C’est le grand espoir des «Républicains» conduits par un jeune leader également talentueux, François Baroin. Ils veulent faire gagner leur programme -Fillon modifié-, pour imposer au président un Premier ministre de cohabitation. C’est le même but que cherchent Mélenchon et ses Insoumis. Ce dernier est, après s’être opposé au FN, la gauche anti-Macron.
Le PS, lui, espère sauver les meubles sans grand espoir.
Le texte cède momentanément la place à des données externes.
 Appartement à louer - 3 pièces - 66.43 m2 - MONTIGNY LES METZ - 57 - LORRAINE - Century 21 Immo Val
Le FN voudrait se voir sacré opposition avec le groupe le plus important face à «En Marche!». Cet espoir aussi risque d’être déçu en raison du mode de scrutin à deux tours et des alliances… Mais si un parti faisant plus de 10 millions de suffrages se retrouvait avec une poignée d’élus et centristes et écologistes, avec des groupes plus importants sans beaucoup de suffrages, ce ne serait pas bon pour la démocratie française. Ce serait le début aussi de la vraie contestation interne pour Marine Le Pen.
Mais avant les législatives, il y a une grande question: c’est qui seront son Premier ministre et les membres de ce gouvernement qui ira au moins jusqu’aux législatives? Le choix du Premier ministre est particulièrement délicat en raison du ni droite, ni gauche de Macron. Il aurait pris sa décision qui ne sera communiquée que dimanche prochain (14 mai) après l’investiture.
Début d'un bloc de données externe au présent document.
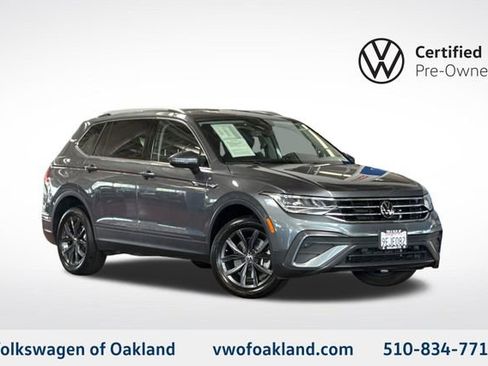 Certified 2023 Volkswagen Tiguan SE FWD image 1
A peine élu, Emmanuel Macron a assisté aux cérémonies du 8 mai aux côtés du président sortant, François Hollande, avant de s’atteler à la composition de son gouvernement, en prévision des législatives où il doit transformer l’essai après sa large victoire à la présidentielle.
Le mandat de François Hollande expire officiellement dimanche prochain et la passation aura lieu durant le week-end.
Macron n’entend pas être un «président normal». Rien n’est normal chez lui, ni son parcours, ni sa famille. Il est habité et on voit bien qu’il veut renouer avec une image assez monarchique de la présidence: il se présente comme un président «jupitérien». C’est capital pour lui, puisque certains mettent en doute sa solidité et sa possibilité de revêtir les habits de président.
Au Louvre, il est arrivé seul, un peu comme Napoléon se mettant sa couronne sur la tête sous la musique de l’Ode à la joie de Beethoven, hymne européen.
Cette arrivée solitaire et grandiose est sans doute le signe du président que veut être Macron… Pourra-t-il réussir à renouer avec la dignité de la fonction, tout en remettant la France en marche à ses côtés? Il lui faut faire la synthèse entre l’envie de renouveau et le respect des rites républicains.
Pour lui, c’est sûr, le plus dur commence. Il a marché sur l’eau avec des accents de télé évangélistes. Il a multiplié les électeurs, mais gare cependant au chemin de croix qui menace tout président français.
Ce qui est sûr aussi, c’est que «Lui président» ne sera comparable à aucun autre.